About this exercise:
Print the data below exactly as it stands, and keep the pictures out.

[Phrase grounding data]
::::
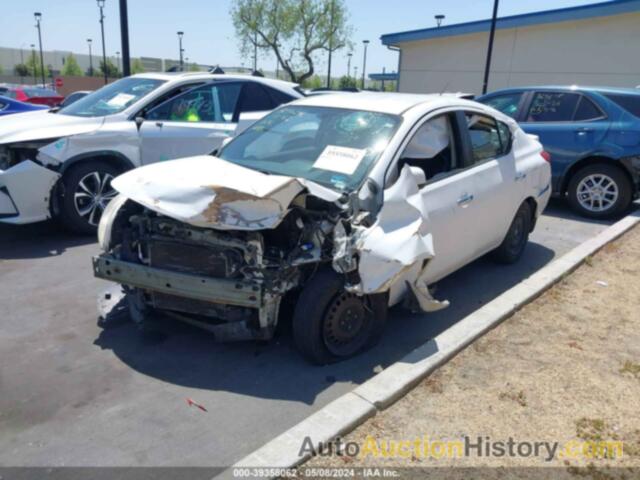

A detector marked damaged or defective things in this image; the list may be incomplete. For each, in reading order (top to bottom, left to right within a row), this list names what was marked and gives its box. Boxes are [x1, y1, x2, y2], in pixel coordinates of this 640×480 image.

car hood crumpled [0, 110, 104, 144]
torn metal panel [0, 159, 60, 223]
torn metal panel [112, 156, 308, 231]
car hood crumpled [111, 154, 340, 229]
car with damaged front bumper [92, 94, 552, 364]
white damaged sedan [94, 93, 552, 364]
front bumper missing [92, 255, 262, 308]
::::
Completed task:
A detector marked damaged or defective things in this image; the list may be incomplete. For each, in reading order (top to bottom, left to right within a row), this list names what was marked and gives its box. Boxes are [x1, y1, x2, y2], in pixel coordinates of this 640×480 image.

car hood crumpled [0, 110, 104, 144]
torn metal panel [0, 159, 60, 223]
torn metal panel [112, 156, 308, 231]
car hood crumpled [111, 154, 340, 229]
car with damaged front bumper [92, 94, 552, 364]
white damaged sedan [94, 93, 552, 364]
front bumper missing [92, 255, 262, 308]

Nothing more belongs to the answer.